TO DO:
Output only the lines that run from the line holding "Duravit Tulum bateria" to the end of the data below, including both ends, without any pictures.

SOURCE INFORMATION:
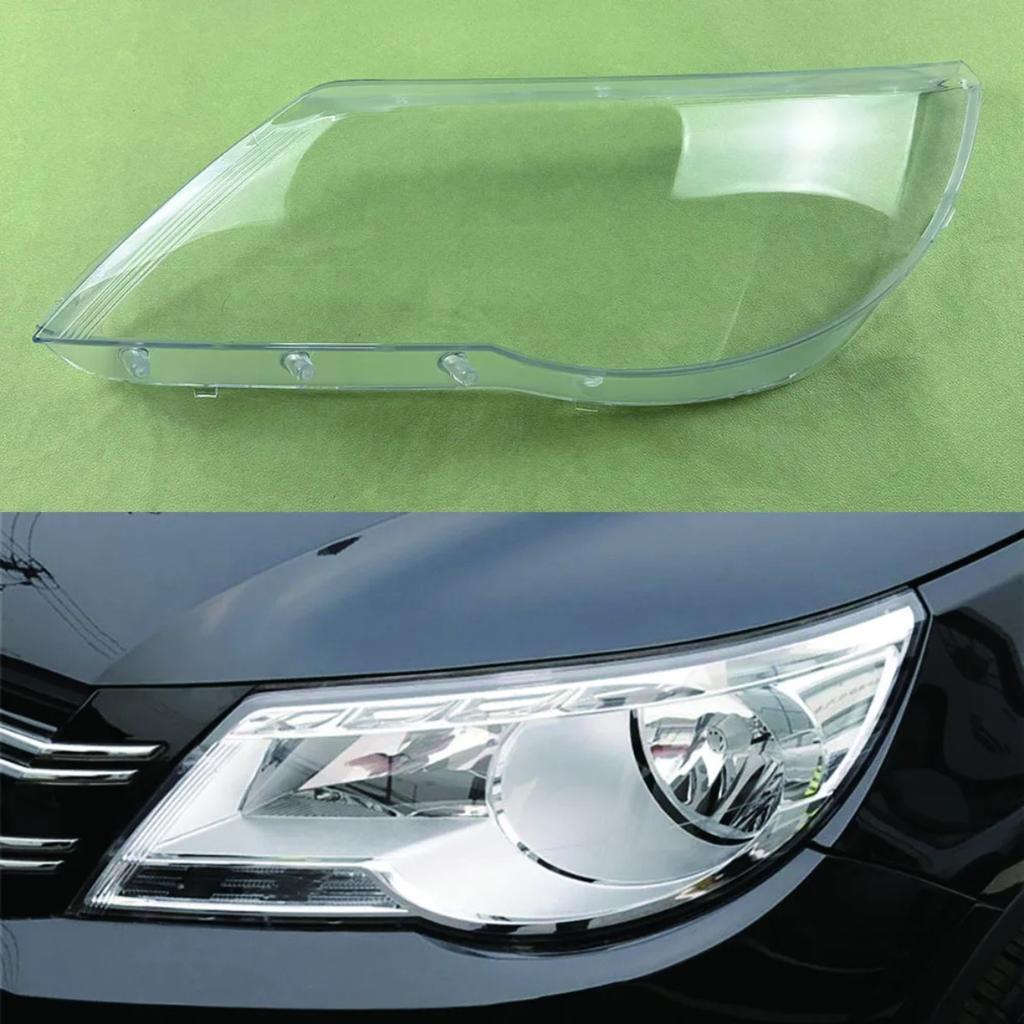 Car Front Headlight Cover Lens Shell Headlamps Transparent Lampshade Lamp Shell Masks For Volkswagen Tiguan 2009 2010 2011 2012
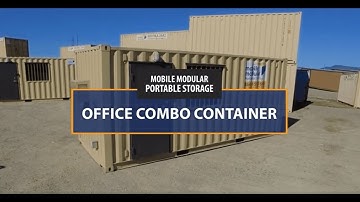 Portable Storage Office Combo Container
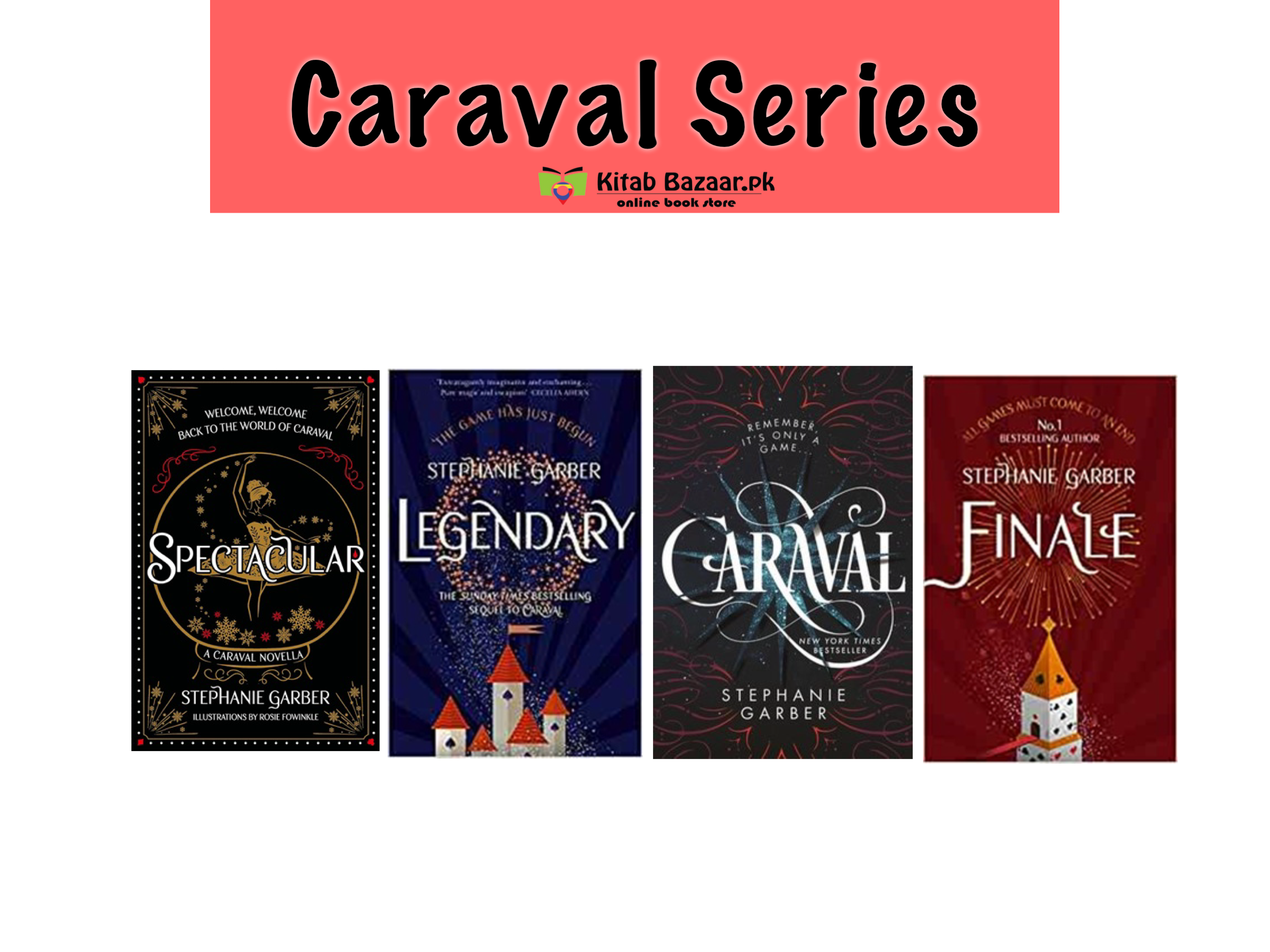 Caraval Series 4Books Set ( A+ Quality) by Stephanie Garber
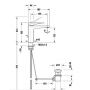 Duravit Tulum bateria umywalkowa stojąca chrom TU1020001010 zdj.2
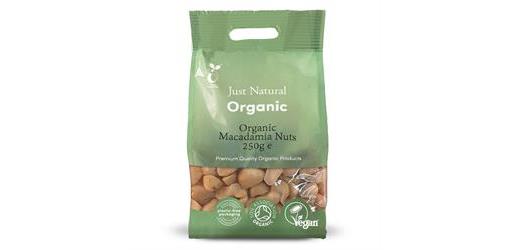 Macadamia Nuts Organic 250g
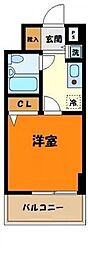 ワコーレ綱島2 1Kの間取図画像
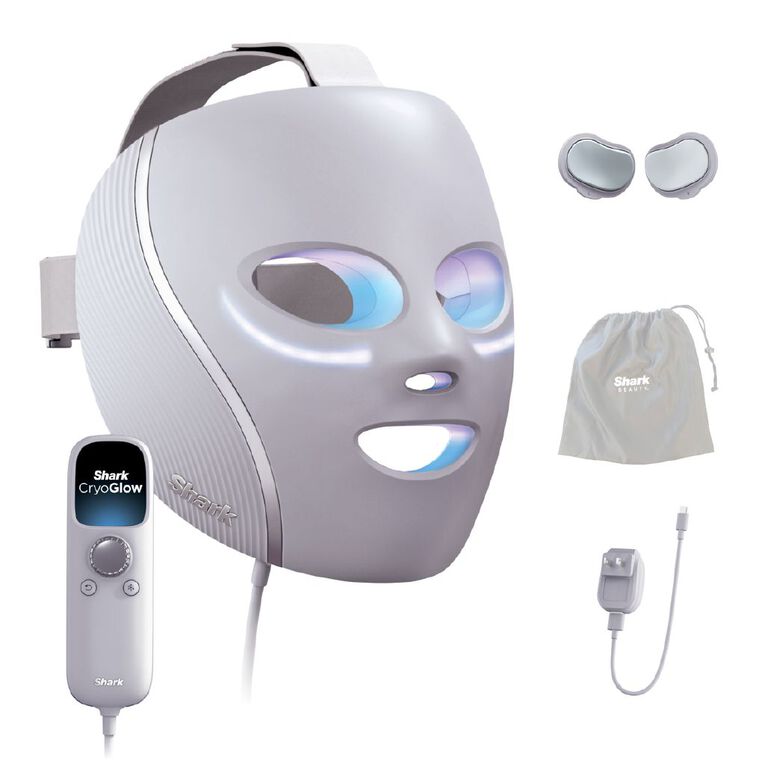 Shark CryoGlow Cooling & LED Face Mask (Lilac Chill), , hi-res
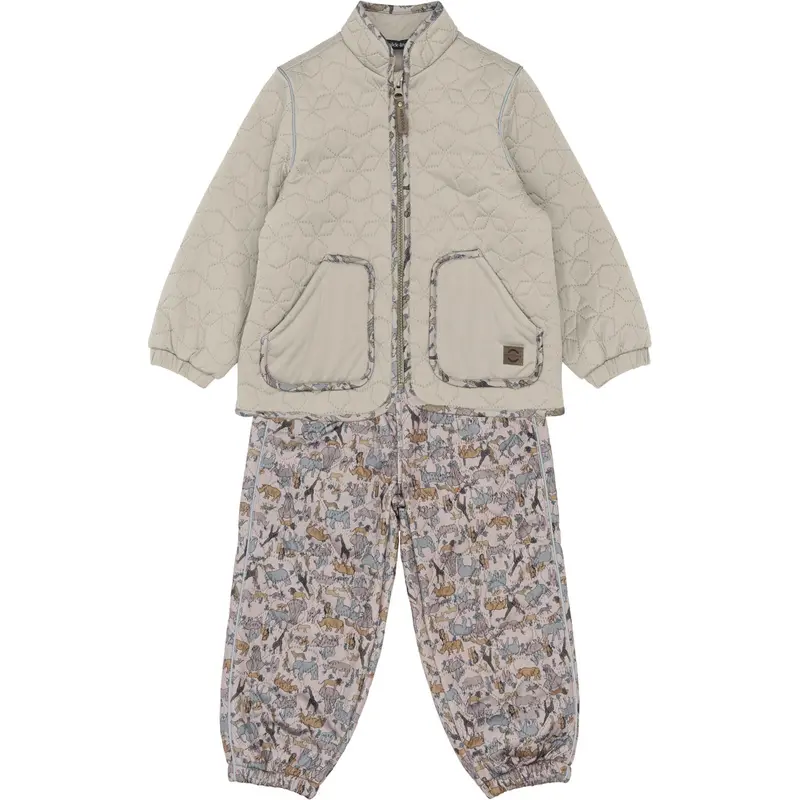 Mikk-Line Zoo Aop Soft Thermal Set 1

OUTPUT FOR THIS TASK:
 Duravit Tulum bateria umywalkowa stojąca chrom TU1020001010 zdj.2
 Macadamia Nuts Organic 250g
 ワコーレ綱島2 1Kの間取図画像
 Shark CryoGlow Cooling & LED Face Mask (Lilac Chill), , hi-res
 Mikk-Line Zoo Aop Soft Thermal Set 1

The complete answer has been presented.